Repeat each entry below without omitting a single word.

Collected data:
>>>
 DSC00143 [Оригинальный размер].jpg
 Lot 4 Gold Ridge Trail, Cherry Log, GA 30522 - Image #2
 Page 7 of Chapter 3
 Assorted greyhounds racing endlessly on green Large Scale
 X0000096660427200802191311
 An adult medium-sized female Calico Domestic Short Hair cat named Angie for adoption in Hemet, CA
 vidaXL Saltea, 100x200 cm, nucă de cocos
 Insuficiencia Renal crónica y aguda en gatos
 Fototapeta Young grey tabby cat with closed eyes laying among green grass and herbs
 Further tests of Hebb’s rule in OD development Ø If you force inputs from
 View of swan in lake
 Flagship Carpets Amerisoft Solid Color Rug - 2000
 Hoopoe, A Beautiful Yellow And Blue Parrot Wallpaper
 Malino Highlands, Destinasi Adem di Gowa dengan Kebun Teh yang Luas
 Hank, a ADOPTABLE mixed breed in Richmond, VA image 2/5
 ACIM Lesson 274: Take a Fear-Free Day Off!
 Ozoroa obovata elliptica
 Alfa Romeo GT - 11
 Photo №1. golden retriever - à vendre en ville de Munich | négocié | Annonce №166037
<<<
**Written answer**
 DSC00143 [Оригинальный размер].jpg
 Lot 4 Gold Ridge Trail, Cherry Log, GA 30522 - Image #2
 Page 7 of Chapter 3
 Assorted greyhounds racing endlessly on green Large Scale
 X0000096660427200802191311
 An adult medium-sized female Calico Domestic Short Hair cat named Angie for adoption in Hemet, CA
 vidaXL Saltea, 100x200 cm, nucă de cocos
 Insuficiencia Renal crónica y aguda en gatos
 Fototapeta Young grey tabby cat with closed eyes laying among green grass and herbs
 Further tests of Hebb’s rule in OD development Ø If you force inputs from
 View of swan in lake
 Flagship Carpets Amerisoft Solid Color Rug - 2000
 Hoopoe, A Beautiful Yellow And Blue Parrot Wallpaper
 Malino Highlands, Destinasi Adem di Gowa dengan Kebun Teh yang Luas
 Hank, a ADOPTABLE mixed breed in Richmond, VA image 2/5
 ACIM Lesson 274: Take a Fear-Free Day Off!
 Ozoroa obovata elliptica
 Alfa Romeo GT - 11
 Photo №1. golden retriever - à vendre en ville de Munich | négocié | Annonce №166037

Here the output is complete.